Chao-Ju Jennifer Hou was a Taiwanese computer scientist and electrical engineer specializing in wireless sensor networks.
Xiaobo Sharon Hu is a Chinese-American computer scientist and engineer known for her work on hardware-software integration, power usage, and reliability of embedded systems design, including work on power- and temperature-aware scheduling algorithms. She has also published highly cited work on deep neural networks, the CORDIC algorithm for trigonometric calculations, and clocking of unconventional computer architectures. She is a professor in the Department of Computer Science and Engineering at the University of Notre Dame.
Ai-Chun Pang is a Taiwanese computer scientist specializing in mobile networks, edge computing, and the artificial intelligence of things. She is a professor in the Department of Computer Science and Information Engineering of National Taiwan University.
Daniela Tuninetti is an information theorist whose research topics have included web caches, collision channels in wireless networks, cognitive interference channels, and electromyography. Tuninetti was educated in Italy and France, and has worked in Switzerland and the US; she is a professor of electrical and computer engineering, and head of the Department of Electrical and Computer Engineering, at the University of Illinois Chicago.
Rose Qingyang Hu is an electrical engineer who is currently a professor of electrical and computer engineering and associate dean for research at Utah State University. Her research involves wireless networks and their applications in edge computing and the internet of things.
Malathi Veeraraghavan was an Indian and American electrical engineer specializing in communications networks, including broadband networks, wireless ad hoc networks, vehicular ad hoc networks, and optical networking. She worked as a researcher for AT&T Bell Labs and as a professor at the University of Virginia.
Min Dong is a Chinese-Canadian electrical engineer whose research involves signal processing, including resource balancing in cloud computing and smart grids, and pilot symbol assisted wireless communications in which a special "pilot" symbol is periodically transmitted to recalibrate communications channels. She is a professor in the Department of Electrical, Computer and Software Engineering at Ontario Tech University.
Qinru Qiu is a Chinese-American computer engineer whose research interests include efficient energy use in computing, and neuromorphic computing. She is a Distinguished Professor of Electrical Engineering and Computer Science at Syracuse University, and the director of the university's Electrical Engineering and Computer Science graduate program.
Yanyong Zhang is a Chinese computer scientist whose interests include the security and privacy of wireless sensor networks, edge computing, and the internet of things. She is a professor in the School of Computer Science at the University of Science and Technology of China.
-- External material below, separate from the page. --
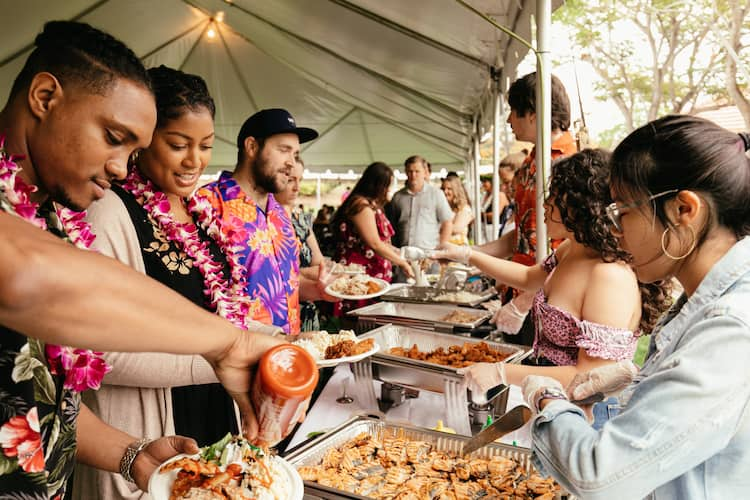 Past attendees enjoy authentic Hawaiian food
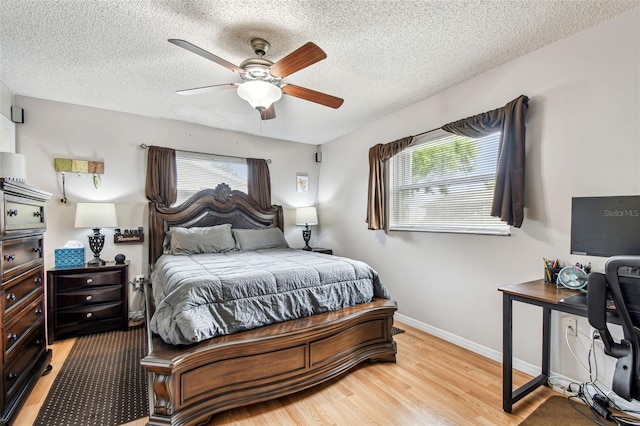 8225 Medford Dr, Port Richey, FL 34668 - bedroom with multiple windows, light wood-style floors, a textured ceiling, baseboards, and a ceiling fan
Chen-Nee Chuah is an American computer scientist and computer engineer whose research involves computer networks, including network traffic measurement, wireless ad hoc networks, and intelligent transportation systems. She is the Child Family Professor in Engineering, in the Department of Electrical & Computer Engineering at the University of California, Davis.
Catherine P. Rosenberg is an electrical engineer whose research interests include resource management in wireless sensor networks, quality of service in network traffic engineering, and smart grids in energy systems. Educated in France and the US, she has worked in France, the US, the UK, and Canada, where she is a professor in the department of Electrical and Computer Engineering and Cisco Research Chair in 5G Systems at the University of Waterloo.